Trois questions à… Patrick Pépin, Médiateur de Radio France et ancien Directeur de la rédaction de France Culture.

    Le médiateur est une fonction en vogue. Elle permet de garder un contact entre un public exigent et critique, et le journaliste que son métier peut enfermer dans une sorte d’autisme. Patrick Pépin nous explique sa fonction au sein de Radio France.

    média+ : Quel est le rôle du médiateur de Radio France ?

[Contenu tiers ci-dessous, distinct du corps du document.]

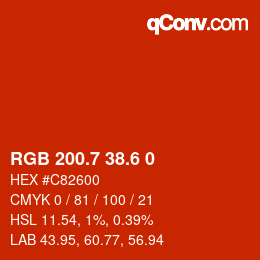 カラーコード: RGB 200.7 38.6 0 | qconv.com
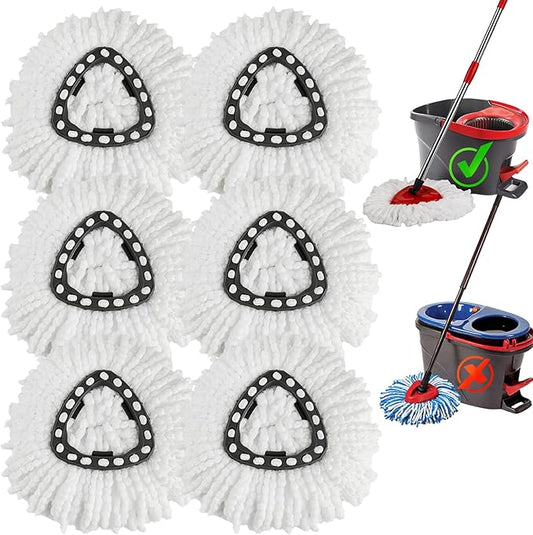 6 Pack Spin Mop Head Replacements,100% Microfiber Spin Mop Refill Compatible with OCeda Easywring 1-Tank System,360 Degree Spinning Mop Replace Head for Easy Cleaning Floor Mopping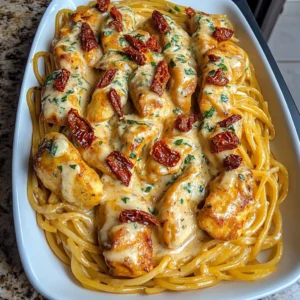 Creamy Chicken Spaghetti with Sun-Dried Tomato Sauce Recipe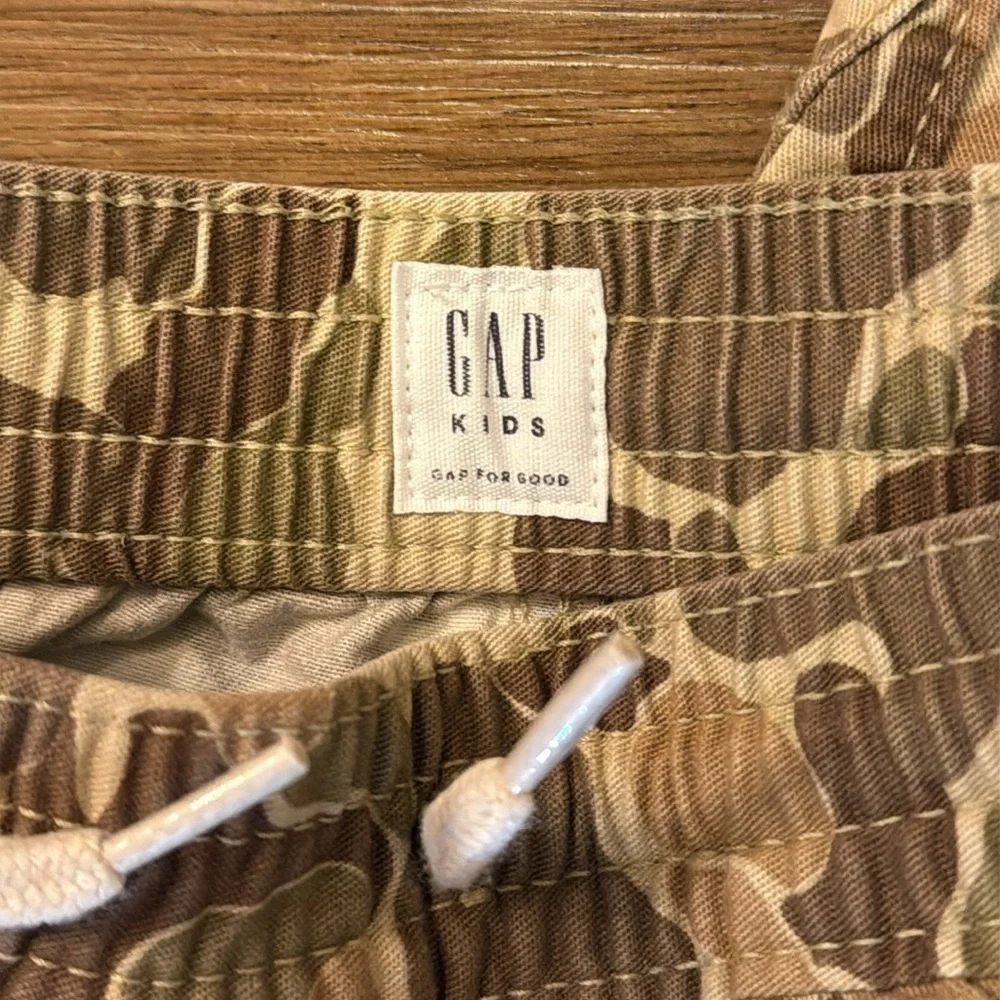 Gap Kids XXL (14-16) Utility Jogger Tapered Leg Green Faded Camo Pull On Pants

    Luc Boyer : Le médiateur de Radio France a été créé en janvier 2002. Il est l’ambassadeur du public auprès des équipes éditoriales et un pédagogue auprès du public. Il s’agit d’une demande de respect de l’identité éditoriale d’une chaîne publique. Les gens sortent du statut de consommateur pour accéder à celui de citoyen, c’est-à-dire qu’ils ont leur mot à dire sur le regard qu’on leur propose sur le monde. Cette fonction devrait sûrement être élargi à tous les médias de référence. Les gens nous font confiance. Nous devons leur rendre des comptes. Ça ne veut pas dire que le public a toujours raison. Mais, comme il nous fait confiance, on lui doit des explications sur notre façon de faire. Nous ne sommes plus dans un système où la parole vient du haut et tombe sur la tête des gens. Le public a beaucoup changé. Je vois des mails de personnes de 60 ans. Ça veut dire qu’ils ont Internet et qu’ils vont voir ailleurs pour s’informer de l’actualité. Ils ont donc une opinion sur la façon dont on a délivré l’information. Cette semaine, par exemple, certains ont estimé scandaleux qu’on traite côte à côte les problèmes de santé de Fidel Castro et Pinochet. Ils n’ont pas tort car ces deux dictatures procèdent de deux logiques et de deux contextes historiques différents. Mais, ils n’ont pas raison car, des dictateurs d’Amérique du Sud, il ne reste que Castro et Pinochet.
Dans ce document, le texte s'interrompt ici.